En otro túnel cercano al primero, Berg’inyon Baenre, segundo de la clase, guiaba al maestro Dinin y a la otra mitad de alumnos en un ejercicio similar.

Día tras día, Drizzt y los demás se habían esforzado por estar siempre preparados. A lo largo de tres meses de patrullar, el grupo sólo había encontrado a un monstruo; un pescador cavernícola, un repugnante engendro de la Antípoda Oscura con aspecto de cangrejo gigante. Pero aquel encuentro sólo había sido una distracción momentánea, sin ningún resultado práctico, porque el pescador cavernícola se había escapado por los rebordes superiores antes de que la patrulla pudiese atacarlo.

Sin embargo hoy Drizzt percibía algo diferente. Quizás era el tono de la voz del maestro Hatch’net o un zumbido en las piedras de la caverna, una vibración sutil que alertaba al subconsciente de Drizzt de la presencia de otras criaturas en el laberinto de túneles. El joven había aprendido a confiar en sus instintos y no se sorprendió cuando con el rabillo del ojo captó el brillo delator de una fuente de energía en un pasadizo lateral.
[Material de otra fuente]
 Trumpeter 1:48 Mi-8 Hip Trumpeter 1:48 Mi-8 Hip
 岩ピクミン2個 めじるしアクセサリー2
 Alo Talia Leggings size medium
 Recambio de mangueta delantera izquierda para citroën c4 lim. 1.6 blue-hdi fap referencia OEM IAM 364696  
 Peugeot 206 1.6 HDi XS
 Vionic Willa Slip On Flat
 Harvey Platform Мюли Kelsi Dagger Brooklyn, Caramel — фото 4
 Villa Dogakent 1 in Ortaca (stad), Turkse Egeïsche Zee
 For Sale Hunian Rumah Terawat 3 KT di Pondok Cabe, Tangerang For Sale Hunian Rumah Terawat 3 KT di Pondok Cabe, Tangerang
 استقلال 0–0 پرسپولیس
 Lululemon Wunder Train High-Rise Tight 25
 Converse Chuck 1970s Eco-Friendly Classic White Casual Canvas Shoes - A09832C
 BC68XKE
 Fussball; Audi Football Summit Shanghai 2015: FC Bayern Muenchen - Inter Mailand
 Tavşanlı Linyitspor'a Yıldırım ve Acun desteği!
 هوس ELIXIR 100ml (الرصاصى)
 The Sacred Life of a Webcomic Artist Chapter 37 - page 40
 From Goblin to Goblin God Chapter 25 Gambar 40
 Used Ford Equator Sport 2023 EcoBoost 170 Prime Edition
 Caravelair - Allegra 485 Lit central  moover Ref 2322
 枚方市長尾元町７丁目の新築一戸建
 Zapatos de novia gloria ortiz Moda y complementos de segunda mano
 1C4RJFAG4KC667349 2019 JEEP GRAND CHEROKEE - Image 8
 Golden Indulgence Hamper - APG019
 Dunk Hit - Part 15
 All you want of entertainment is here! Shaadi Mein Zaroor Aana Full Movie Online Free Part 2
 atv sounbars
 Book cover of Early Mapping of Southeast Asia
Hizo una señal al grupo para detener su marcha, y después trepó velozmente para situarse en un pequeño repecho que le permitía ver por encima de la salida del pasaje lateral.

Cuando el intruso apareció en el túnel principal, se encontró de pronto tendido de espaldas y retenido por el cuello por las hojas cruzadas de dos cimitarras. Drizzt se apartó en el acto al ver que su prisionero era otro estudiante drow.

—¿Qué haces aquí? —lo interrogó el maestro Hatch’net—. ¡Sabes que nadie excepto las patrullas pueden recorrer los túneles fuera de Menzoberranzan!

—Os suplico perdón, maestro —rogó el estudiante—. Traigo noticias de una alarma.

Los integrantes del grupo se apretujaron alrededor del mensajero, pero Hatch’net los hizo retroceder con una mirada furiosa y ordenó a Drizzt que los dispusiera en las posiciones de defensa.

—¡Ha desaparecido una niña! —añadió el estudiante—. ¡Una princesa de la casa Baenre! ¡Han visto monstruos en los túneles!

—¿Qué clase de monstruos? —preguntó Hatch’net.

Un sonoro castañeteo, como si golpearan dos piedras entre sí, respondió a su pregunta.

—¡Oseogarfios! —le transmitió Hatch’net a Drizzt, que estaba a su lado.

El joven no había visto nunca a esas bestias, pero sabía lo suficiente para comprender por qué el maestro Hatch’net había pasado bruscamente al código manual. Los oseogarfios cazaban valiéndose de un sentido del oído mucho más agudo que cualquier otra criatura de la Antípoda Oscura. Drizzt retransmitió inmediatamente la señal al resto de los estudiantes, que mantuvieron un silencio absoluto a la espera de las instrucciones de su maestro. Esta era la clase de situaciones para las que se habían entrenado durante nueve años, y sólo el sudor en las palmas de sus manos traicionaba la calma aparente de los jóvenes drows.

—Las bolas de oscuridad no detendrán a los oseogarfios —señaló Hatch’net a sus tropas—. Ni tampoco estas.

Señaló la ballesta que empuñaba y el dardo envenenado listo para disparar, el arma habitual de los drows en el ataque inicial. Hatch’net guardó la ballesta y desenvainó su espada.

—Debéis buscar una brecha en la armadura ósea de la criatura —les recordó Hatch’net—, y deslizar la espada hasta la carne.

El maestro tocó el hombro de Drizzt, y reanudaron la marcha juntos, escoltados por los estudiantes formados de uno en fondo.

El castañeteo se escuchaba con claridad, pero al resonar en las paredes de piedra de los túneles, resultaba difícil precisar de dónde provenía. Hatch’net dejó que Drizzt los guiara y se sintió impresionado por la rapidez demostrada por el joven en descubrir el rumbo correctamente. Drizzt avanzó con toda confianza, a pesar de que otros integrantes de la patrulla no dejaban de mirar nerviosos a su alrededor, porque no sabían dónde estaba el peligro ni la distancia que los separaba.

Entonces un sonido particular, que se destacó entre el estrépito del castañeteo y sus ecos, los inmovilizó. El sonido sonó cada vez más fuerte hasta envolver a la patrulla en un alarido de terror. Era el grito de un niño.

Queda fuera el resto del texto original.